THE PROBLEM: The expected output is an exact copy of the lines from the one containing "Ecko Unltd. Men's Grey Shirt Size 2XL" through the final line of the entries below, with no images.

(Image-caption web data)
··········
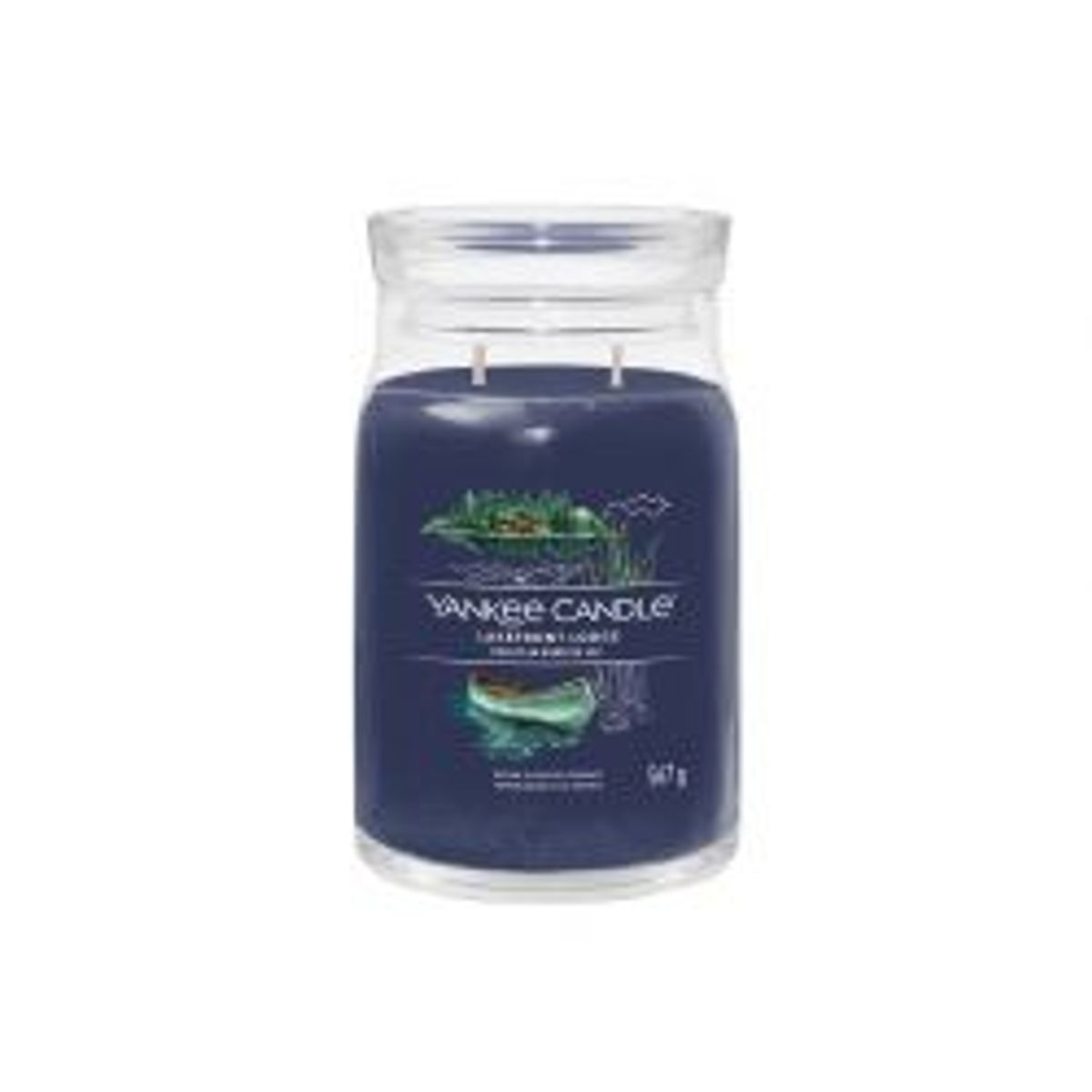 Yankee Candle Yc Signature - Large - Lakefront Lodge - Duftlys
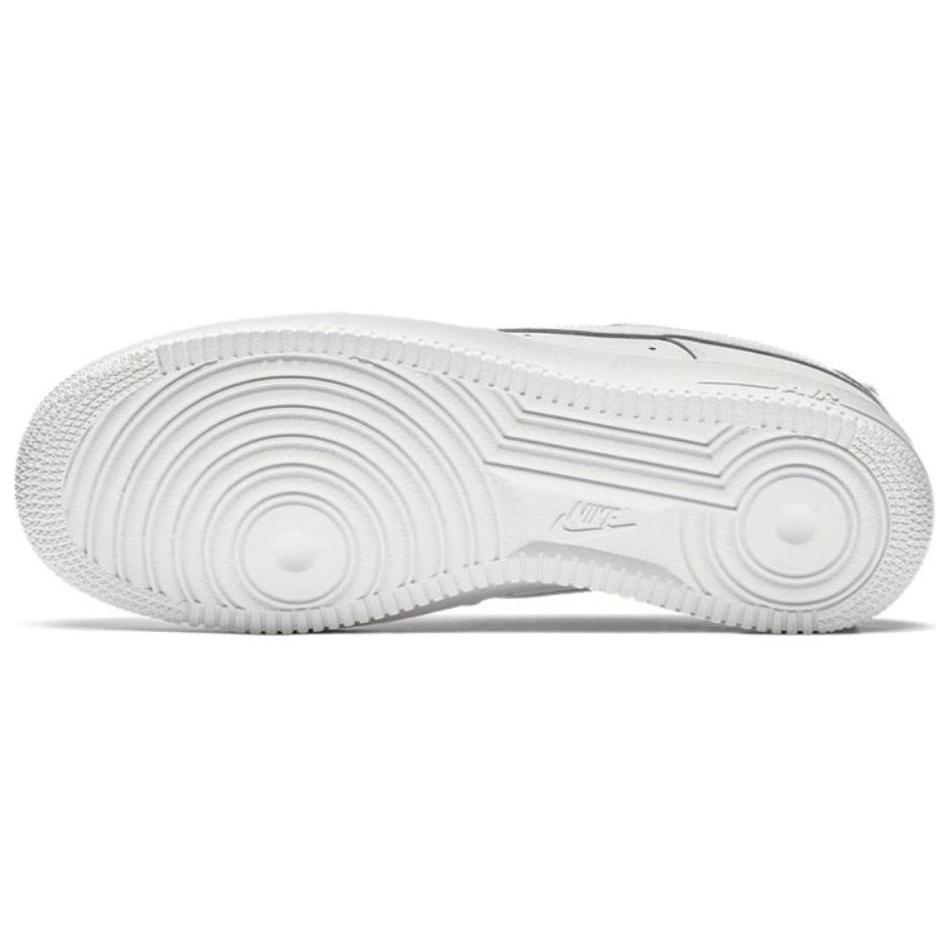 Nike Air Force 1 Low top Skateboard-Schuhe Damen Weiß Rot DD8959-100(Team147-)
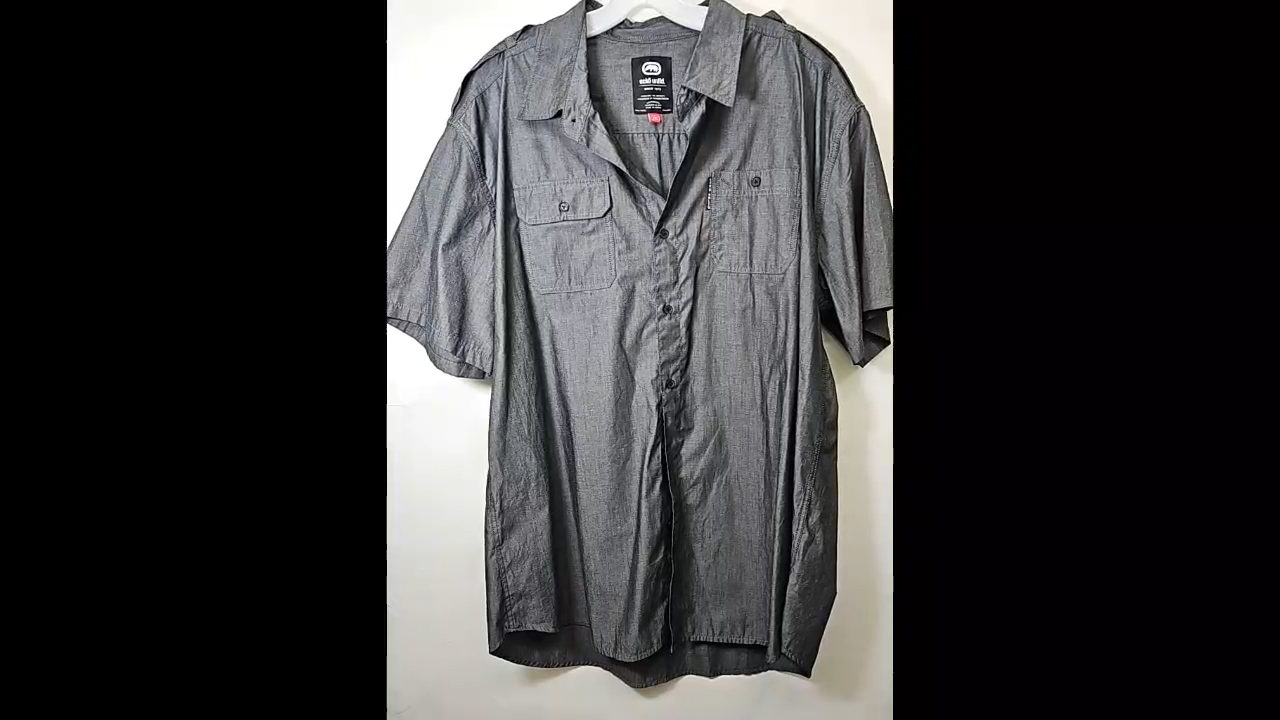 Ecko Unltd. Men's Grey Shirt Size 2XL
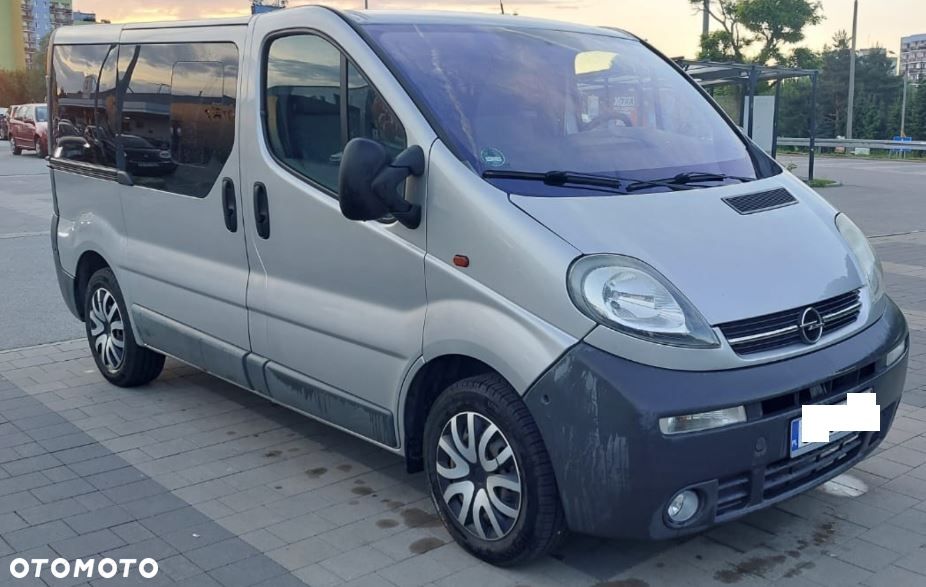 Opel Vivaro L1H1 - 4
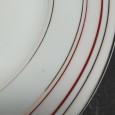 Seis pratos rasos VA flamingo (III)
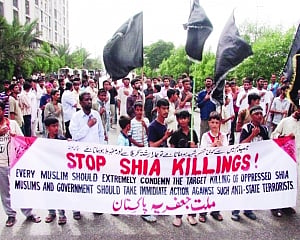 No place for minorities in Pakistan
··········
SOLUTION:
 Ecko Unltd. Men's Grey Shirt Size 2XL
 Opel Vivaro L1H1 - 4
 Seis pratos rasos VA flamingo (III)
 No place for minorities in Pakistan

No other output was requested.